The authors introduce temporal contrastive learning into video summarization to utilize the intrinsic association of the videos. They trained two models to capture temporal consistency and temporal diversity respectively, and then combine the results of the two models by weighting and summation to get the clip-level scores. The video clip consistency model is employed with temporally consistent contrastive loss to identify key clips, and the video clip diversity model is employed with temporal diversity contrastive loss to filter out redundant clips.
优点
-
This paper introduce temporal contrastive self-supervised learning to video summarization, which is useful compared with unsupervised and supervised baselines.
-
Several experiments are carried out on SumMe and TVSum datasets with detailed ablation study.
缺点
-
The motivation for this paper has not been very elaborately explained, and it appears somewhat vague.
-
This paper primarily utilizes a combination of existing methods with very minor improvements, lacking novelty.
问题
-
Is there any examples you can provide to explain why the previous methods do not utilize the intrinsic association of the videos?
-
Does the parameters double in this method, since it utilizes two models? Would if be fair compared with the baseline?
-
This paper does show effectiveness on the existing datasets, although it looks unpolished and hastily completed. I will make my final decision based on other reviewers' comments and the authors' rebuttal.

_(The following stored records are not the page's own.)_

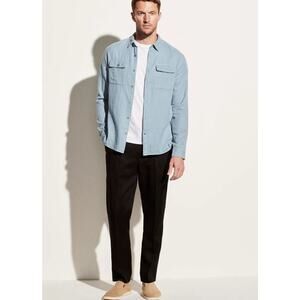 Vince Classic Fit Shirt Mens 2XL Cotton Double Face Garment Dyed Hockney Blue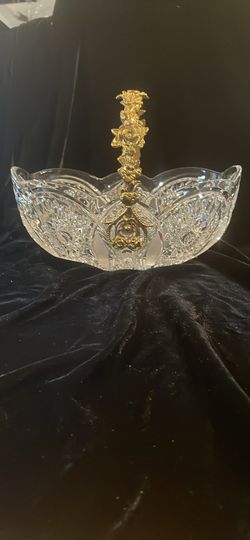 Crystal Basket W/ Brass Handle - Vintage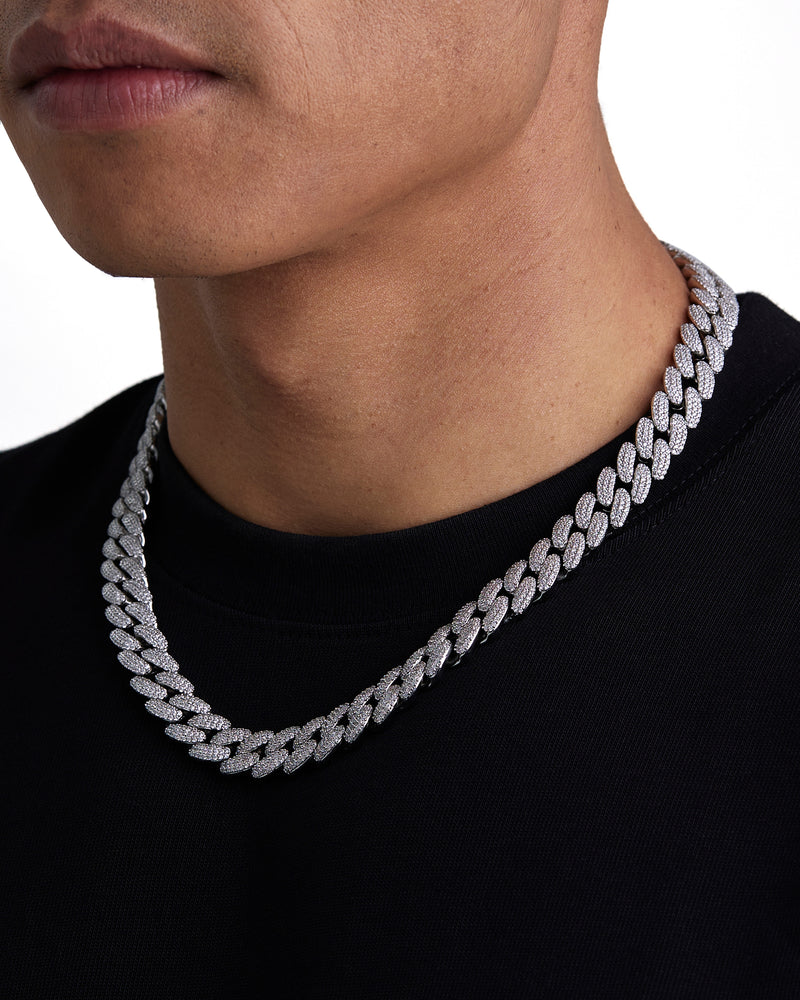ICEMAN 12mm キューバン チェーン White Gold 着用写真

- This work introduces TCL-VS, a self-supervised video summarization method inspired by the TCLR and TimeBalance papers.
- TCL-VS consists of two separate modules that respectively conduct temporal consistency and diversity assessment of video clips. Each module predicts a sequence score by clip, and then combine them using a weighted method.

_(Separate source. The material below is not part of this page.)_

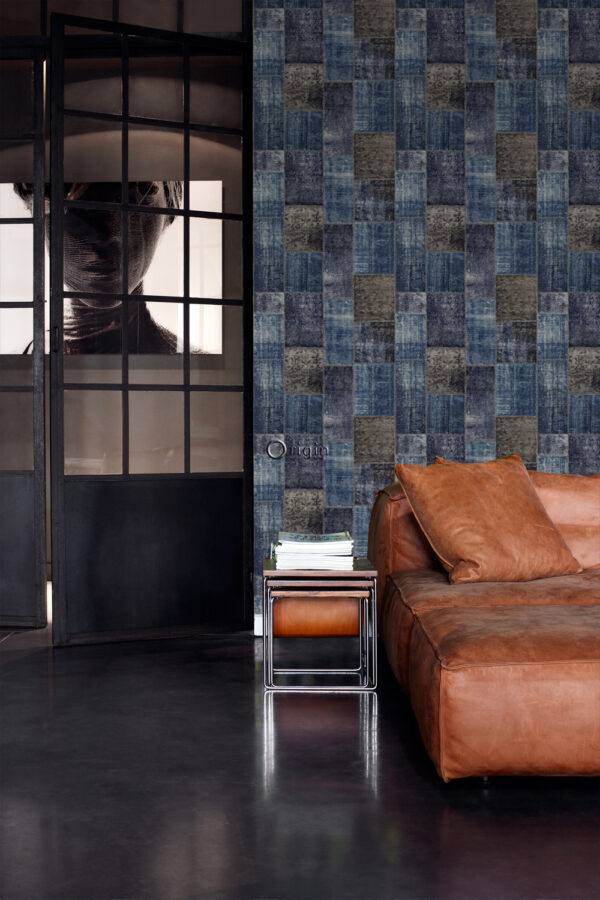 Origin Wallcoverings tapeet patchwork kilim - taupe ja sinine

- The proposed framework is evaluated on two benchmark datasets: TVSum and SumMe.
优点
Video summarisation is a challenging area to work on and I like the overall idea of using time-variant (temporally diverse) or time-invariant (temporally consistent) representations for summarisation.
缺点
- The explanation and writing can be improved; it is very hard to follow. Could you please share the code with me so I can understand the method better? Additionally, I suggest adding pseudocode in the updated version.
- Could you please update Tables 1 and 2 with additional details, such as model architecture, parameters, and input setup? This will allow us to make a more fair and informed comparison with other models.

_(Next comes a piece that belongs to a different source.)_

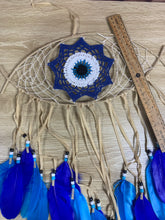 Load image into Gallery viewer, Light Brown Evil Eye Dreamcatcher with Light Blue Feathers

- How did you utilize the "1024-dimensional visual features from the pool5 layer of GoogLeNet"?
- Did you keep TCLR and TimeBalance frozen, or did you train them from scratch with your data (TVSum and SumMe)? If you tuned them, did you use the weights from TCLR and TimeBalance?
- I am missing the details of the hyperparameters and other training setup.
问题
Please see weakness.
While I appreciate the high-level idea of this paper, it seems incomplete in its current form. I suggest that the authors rework on it for a future submission.